** Opening AVAILABLE DATA block **
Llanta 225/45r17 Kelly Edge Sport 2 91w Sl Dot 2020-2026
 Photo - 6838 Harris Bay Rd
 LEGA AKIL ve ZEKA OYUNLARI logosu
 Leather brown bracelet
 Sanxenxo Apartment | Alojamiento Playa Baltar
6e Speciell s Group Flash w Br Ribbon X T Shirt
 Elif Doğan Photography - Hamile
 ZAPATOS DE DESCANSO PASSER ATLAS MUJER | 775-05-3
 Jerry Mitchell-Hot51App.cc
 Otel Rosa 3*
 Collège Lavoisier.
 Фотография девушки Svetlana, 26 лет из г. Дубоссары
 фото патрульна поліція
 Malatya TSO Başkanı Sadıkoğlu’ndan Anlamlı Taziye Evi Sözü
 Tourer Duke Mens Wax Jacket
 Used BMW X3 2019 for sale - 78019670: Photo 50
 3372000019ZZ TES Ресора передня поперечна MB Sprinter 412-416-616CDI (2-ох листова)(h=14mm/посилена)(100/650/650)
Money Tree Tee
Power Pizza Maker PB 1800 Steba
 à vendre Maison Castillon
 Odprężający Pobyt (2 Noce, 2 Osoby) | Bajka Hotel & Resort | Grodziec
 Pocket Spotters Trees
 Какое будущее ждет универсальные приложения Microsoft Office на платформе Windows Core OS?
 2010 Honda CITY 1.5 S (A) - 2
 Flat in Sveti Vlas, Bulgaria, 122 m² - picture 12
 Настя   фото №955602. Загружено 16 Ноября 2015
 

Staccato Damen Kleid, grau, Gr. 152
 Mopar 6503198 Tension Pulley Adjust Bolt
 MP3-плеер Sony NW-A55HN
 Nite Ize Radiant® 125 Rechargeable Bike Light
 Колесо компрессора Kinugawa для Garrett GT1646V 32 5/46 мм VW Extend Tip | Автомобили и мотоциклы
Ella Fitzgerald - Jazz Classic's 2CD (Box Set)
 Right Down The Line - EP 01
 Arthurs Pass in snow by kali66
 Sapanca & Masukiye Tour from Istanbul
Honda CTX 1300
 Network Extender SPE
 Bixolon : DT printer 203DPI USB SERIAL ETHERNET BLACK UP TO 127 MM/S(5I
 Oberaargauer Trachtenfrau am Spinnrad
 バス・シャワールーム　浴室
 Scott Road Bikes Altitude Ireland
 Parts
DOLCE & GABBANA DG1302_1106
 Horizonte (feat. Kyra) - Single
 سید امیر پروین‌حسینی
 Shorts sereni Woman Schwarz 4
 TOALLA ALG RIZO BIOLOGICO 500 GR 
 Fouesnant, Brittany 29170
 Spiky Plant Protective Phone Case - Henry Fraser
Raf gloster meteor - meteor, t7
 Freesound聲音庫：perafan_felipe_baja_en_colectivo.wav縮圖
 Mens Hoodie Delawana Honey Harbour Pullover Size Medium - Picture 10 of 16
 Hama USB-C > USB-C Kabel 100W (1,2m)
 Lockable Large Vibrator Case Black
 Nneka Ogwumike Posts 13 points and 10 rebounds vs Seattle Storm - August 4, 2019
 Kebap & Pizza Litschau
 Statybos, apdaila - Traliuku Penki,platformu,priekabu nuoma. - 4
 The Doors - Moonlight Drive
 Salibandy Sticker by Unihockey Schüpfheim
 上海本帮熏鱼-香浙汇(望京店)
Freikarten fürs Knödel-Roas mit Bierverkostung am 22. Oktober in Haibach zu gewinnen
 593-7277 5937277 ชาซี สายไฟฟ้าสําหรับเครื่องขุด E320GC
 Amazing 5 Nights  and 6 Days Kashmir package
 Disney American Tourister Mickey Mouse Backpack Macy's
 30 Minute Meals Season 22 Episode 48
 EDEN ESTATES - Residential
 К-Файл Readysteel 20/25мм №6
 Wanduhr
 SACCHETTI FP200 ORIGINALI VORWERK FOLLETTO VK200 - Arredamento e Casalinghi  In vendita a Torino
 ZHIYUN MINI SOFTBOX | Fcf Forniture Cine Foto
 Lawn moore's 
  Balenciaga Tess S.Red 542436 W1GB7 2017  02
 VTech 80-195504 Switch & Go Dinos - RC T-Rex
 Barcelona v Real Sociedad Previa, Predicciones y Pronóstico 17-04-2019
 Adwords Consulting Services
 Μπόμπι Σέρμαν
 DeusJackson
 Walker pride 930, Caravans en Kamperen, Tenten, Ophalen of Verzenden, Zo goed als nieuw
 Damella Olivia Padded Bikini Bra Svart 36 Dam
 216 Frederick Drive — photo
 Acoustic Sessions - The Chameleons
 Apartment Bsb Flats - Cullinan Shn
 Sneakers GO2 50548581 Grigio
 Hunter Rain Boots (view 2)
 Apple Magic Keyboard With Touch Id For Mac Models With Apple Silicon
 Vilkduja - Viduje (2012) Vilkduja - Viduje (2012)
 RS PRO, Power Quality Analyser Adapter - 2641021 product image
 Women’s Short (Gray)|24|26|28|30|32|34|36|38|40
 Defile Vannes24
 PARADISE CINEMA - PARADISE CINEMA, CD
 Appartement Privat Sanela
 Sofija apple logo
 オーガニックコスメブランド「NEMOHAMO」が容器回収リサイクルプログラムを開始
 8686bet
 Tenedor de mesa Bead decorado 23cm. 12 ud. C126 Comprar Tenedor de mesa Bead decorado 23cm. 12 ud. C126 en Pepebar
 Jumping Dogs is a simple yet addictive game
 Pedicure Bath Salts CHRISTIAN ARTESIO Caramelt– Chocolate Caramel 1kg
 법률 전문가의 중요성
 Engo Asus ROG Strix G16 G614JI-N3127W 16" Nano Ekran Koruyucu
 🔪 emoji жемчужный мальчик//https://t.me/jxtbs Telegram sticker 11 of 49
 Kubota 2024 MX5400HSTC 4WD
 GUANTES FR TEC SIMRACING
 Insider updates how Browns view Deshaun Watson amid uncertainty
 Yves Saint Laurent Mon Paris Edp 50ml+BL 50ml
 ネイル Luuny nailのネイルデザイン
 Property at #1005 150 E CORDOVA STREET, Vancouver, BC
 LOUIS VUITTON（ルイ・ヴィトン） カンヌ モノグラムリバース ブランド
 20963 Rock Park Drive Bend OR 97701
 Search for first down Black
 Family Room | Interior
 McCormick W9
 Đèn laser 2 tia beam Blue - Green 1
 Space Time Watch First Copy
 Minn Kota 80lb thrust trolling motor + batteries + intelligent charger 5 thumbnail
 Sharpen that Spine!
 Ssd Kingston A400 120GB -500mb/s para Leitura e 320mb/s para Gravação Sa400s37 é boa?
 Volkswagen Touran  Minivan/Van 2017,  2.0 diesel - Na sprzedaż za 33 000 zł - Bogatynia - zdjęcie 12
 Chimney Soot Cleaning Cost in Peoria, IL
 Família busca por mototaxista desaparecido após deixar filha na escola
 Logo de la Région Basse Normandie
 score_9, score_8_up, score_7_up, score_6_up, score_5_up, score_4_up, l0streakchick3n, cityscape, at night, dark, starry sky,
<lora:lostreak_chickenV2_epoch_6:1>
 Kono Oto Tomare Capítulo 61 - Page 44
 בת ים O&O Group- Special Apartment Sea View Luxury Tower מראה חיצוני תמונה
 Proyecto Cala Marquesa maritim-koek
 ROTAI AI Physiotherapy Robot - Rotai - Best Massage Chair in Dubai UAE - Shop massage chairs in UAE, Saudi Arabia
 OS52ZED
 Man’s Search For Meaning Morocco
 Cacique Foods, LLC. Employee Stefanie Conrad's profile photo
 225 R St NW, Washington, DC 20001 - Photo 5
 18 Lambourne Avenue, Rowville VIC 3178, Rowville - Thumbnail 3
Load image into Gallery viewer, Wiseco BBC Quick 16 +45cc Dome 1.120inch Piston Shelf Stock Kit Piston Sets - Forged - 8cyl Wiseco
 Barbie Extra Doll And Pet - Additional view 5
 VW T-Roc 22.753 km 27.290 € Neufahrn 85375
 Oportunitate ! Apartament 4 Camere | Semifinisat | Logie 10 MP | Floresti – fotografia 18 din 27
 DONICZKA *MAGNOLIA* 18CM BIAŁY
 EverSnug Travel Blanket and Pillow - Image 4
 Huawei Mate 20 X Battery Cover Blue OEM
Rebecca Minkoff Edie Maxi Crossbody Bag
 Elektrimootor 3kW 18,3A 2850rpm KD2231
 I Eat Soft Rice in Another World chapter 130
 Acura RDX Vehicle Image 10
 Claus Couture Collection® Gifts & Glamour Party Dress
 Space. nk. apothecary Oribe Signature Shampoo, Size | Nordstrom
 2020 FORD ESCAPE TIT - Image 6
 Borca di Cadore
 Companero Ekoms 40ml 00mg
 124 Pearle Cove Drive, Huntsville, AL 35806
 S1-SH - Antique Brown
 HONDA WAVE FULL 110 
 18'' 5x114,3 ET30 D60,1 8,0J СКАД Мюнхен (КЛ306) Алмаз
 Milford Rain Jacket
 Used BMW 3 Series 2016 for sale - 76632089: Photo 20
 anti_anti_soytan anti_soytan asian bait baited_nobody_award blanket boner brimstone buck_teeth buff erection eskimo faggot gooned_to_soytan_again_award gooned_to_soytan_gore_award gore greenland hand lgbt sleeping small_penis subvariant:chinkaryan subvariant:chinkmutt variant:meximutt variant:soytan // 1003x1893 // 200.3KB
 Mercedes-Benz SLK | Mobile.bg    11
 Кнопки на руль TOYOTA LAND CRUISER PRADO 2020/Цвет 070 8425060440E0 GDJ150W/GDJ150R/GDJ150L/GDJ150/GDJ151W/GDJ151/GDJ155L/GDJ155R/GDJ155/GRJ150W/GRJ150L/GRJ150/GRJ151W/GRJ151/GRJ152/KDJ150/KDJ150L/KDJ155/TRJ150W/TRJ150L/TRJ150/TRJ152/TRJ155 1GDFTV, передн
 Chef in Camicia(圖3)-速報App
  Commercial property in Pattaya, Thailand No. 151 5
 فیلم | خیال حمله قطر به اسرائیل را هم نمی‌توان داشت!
** Closing AVAILABLE DATA block **
## WORK ORDER
All that should appear in the response is the run of lines from the first line of the entries through the line containing "16 Ноября 2015", copied exactly.

## RESULT FOR THIS EXERCISE
Llanta 225/45r17 Kelly Edge Sport 2 91w Sl Dot 2020-2026
 Photo - 6838 Harris Bay Rd
 LEGA AKIL ve ZEKA OYUNLARI logosu
 Leather brown bracelet
 Sanxenxo Apartment | Alojamiento Playa Baltar
6e Speciell s Group Flash w Br Ribbon X T Shirt
 Elif Doğan Photography - Hamile
 ZAPATOS DE DESCANSO PASSER ATLAS MUJER | 775-05-3
 Jerry Mitchell-Hot51App.cc
 Otel Rosa 3*
 Collège Lavoisier.
 Фотография девушки Svetlana, 26 лет из г. Дубоссары
 фото патрульна поліція
 Malatya TSO Başkanı Sadıkoğlu’ndan Anlamlı Taziye Evi Sözü
 Tourer Duke Mens Wax Jacket
 Used BMW X3 2019 for sale - 78019670: Photo 50
 3372000019ZZ TES Ресора передня поперечна MB Sprinter 412-416-616CDI (2-ох листова)(h=14mm/посилена)(100/650/650)
Money Tree Tee
Power Pizza Maker PB 1800 Steba
 à vendre Maison Castillon
 Odprężający Pobyt (2 Noce, 2 Osoby) | Bajka Hotel & Resort | Grodziec
 Pocket Spotters Trees
 Какое будущее ждет универсальные приложения Microsoft Office на платформе Windows Core OS?
 2010 Honda CITY 1.5 S (A) - 2
 Flat in Sveti Vlas, Bulgaria, 122 m² - picture 12
 Настя   фото №955602. Загружено 16 Ноября 2015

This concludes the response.